Q Did your company [Eaton] in 1971 or 1972 manufacture a One Ton Yale Chain Hoist?
A Yes, but we have no knowledge that a Yale One Ton Chain Hoist was involved in the accident which is the subject of this lawsuit.
Q If your company is not the distributor of such machine, state the name and the address of the distributor in 1971 and in 1972.
A Eaton Corporation. There were different independent distributors of Yale Hoistfs] during 1971 and 1972. Our marketing department does not have records showing exactly who they were during these years.

The following admissions, if it please Your Honor, and the jury, are by Fluor Engineers and Constructors.

Q That the chain hoist involved in the accident which occurred on December 14, 1972, was owned and in the exclusive control and possession of defendant Fluor Constructors and Engineers by its agents, servants or workmen within the course and scope of their employment.

The answer to that question by Fluor is as follows:

The defendant Fluor Engineers and Constructors did supply the chain hoist involved in the accident which occurred on December 14, 1972. The details of ownership and control are not known and are therefore denied.

App. at 438a-39a.

. The following special interrogatories were answered by the jury.
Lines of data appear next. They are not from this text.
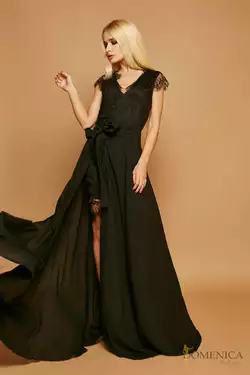 Элегантное платье с глубоким декольте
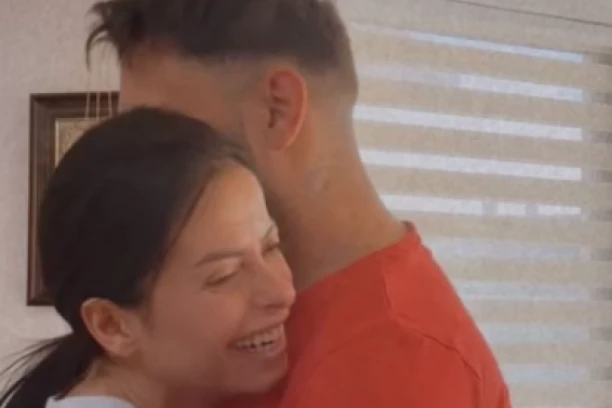 POSUMNJALI DA JE TRUDNA! Žena Darka Lazića odmah reagovala i otkrila istinu O DRUGOJ TRUDNOĆI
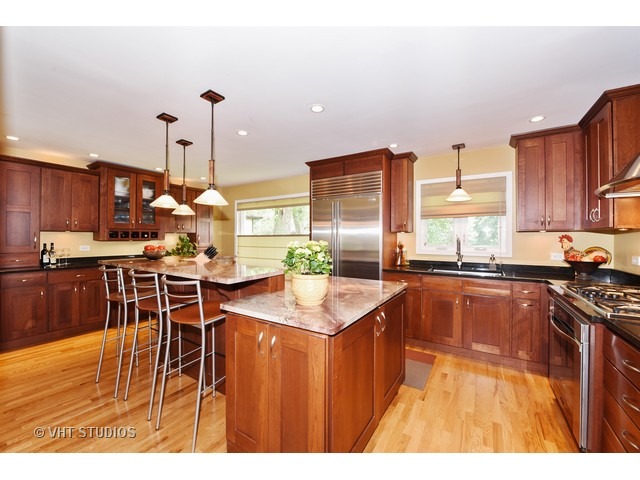 469 Repton Road Riverside, IL 60546 - Photo 5 of 15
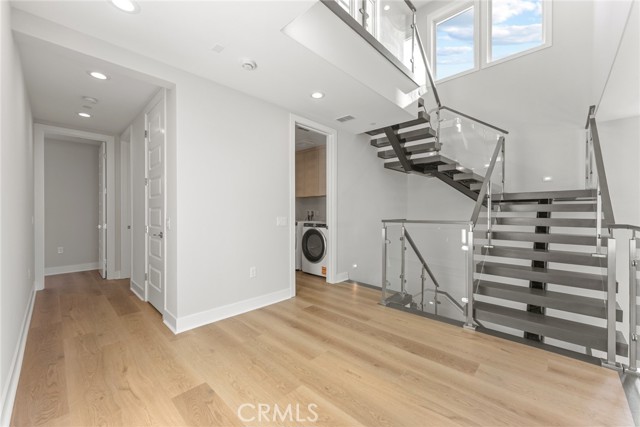 Detail Gallery Image 26 of 56 For 209 Stage, Irvine,  CA 92618 - 5 Beds | 5 Baths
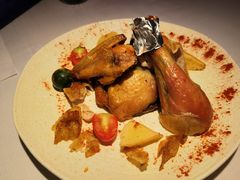 -春树下·树屋花房西餐厅(罍街AS1980店)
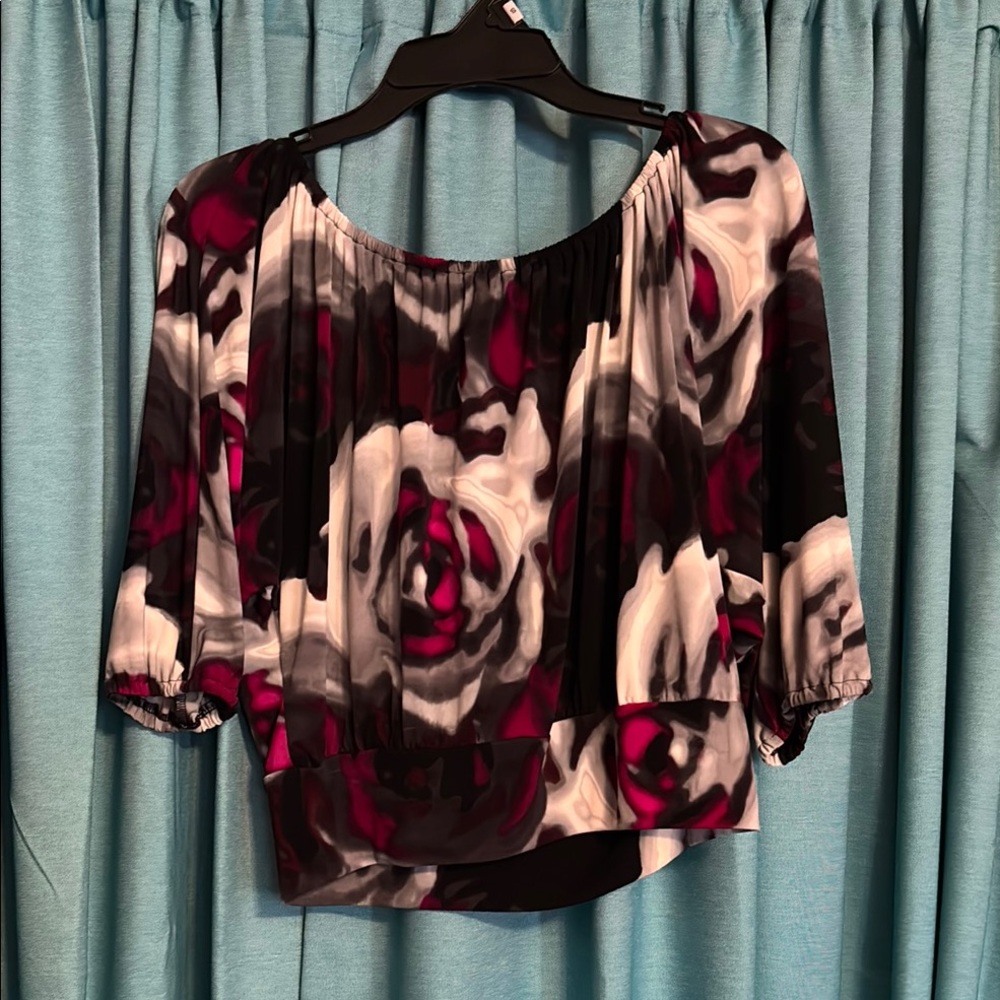 Chic Black and White Pleated Crop Blouse with 3/4 Sleeves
1. Did a malfunction of the hoist cause the accident?
Ans: Yes
2. Was the hoist manufactured by Eaton?
Ans: Yes
3. When was the hoist sold by Eaton?
(a) Before June 30, 1972 _
(b) After June 30, 1972 _
(c) Unable to determine when
it was sold. _X
4. At the time the hoist was sold by Eaton was there a breach of warranty; the express warranty that it was capable of lifting up to one ton of weight; the implied warranty of merchantability?
Ans: Yes
5. Was the accident caused by the condition or characteristic of the hoist which constituted the breach of warranty?
Ans: Yes
6. Was negligence on the part of the Fluor Company, plaintiffs employer, a cause of the malfunction of the hoist?
Ans: No

App. at 576a-77a, 591a. Counsel for Eaton objected to interrogatory No. 3 on the ground that it presumed a sale of the hoist by Eaton to Fluor. See App. at 516a.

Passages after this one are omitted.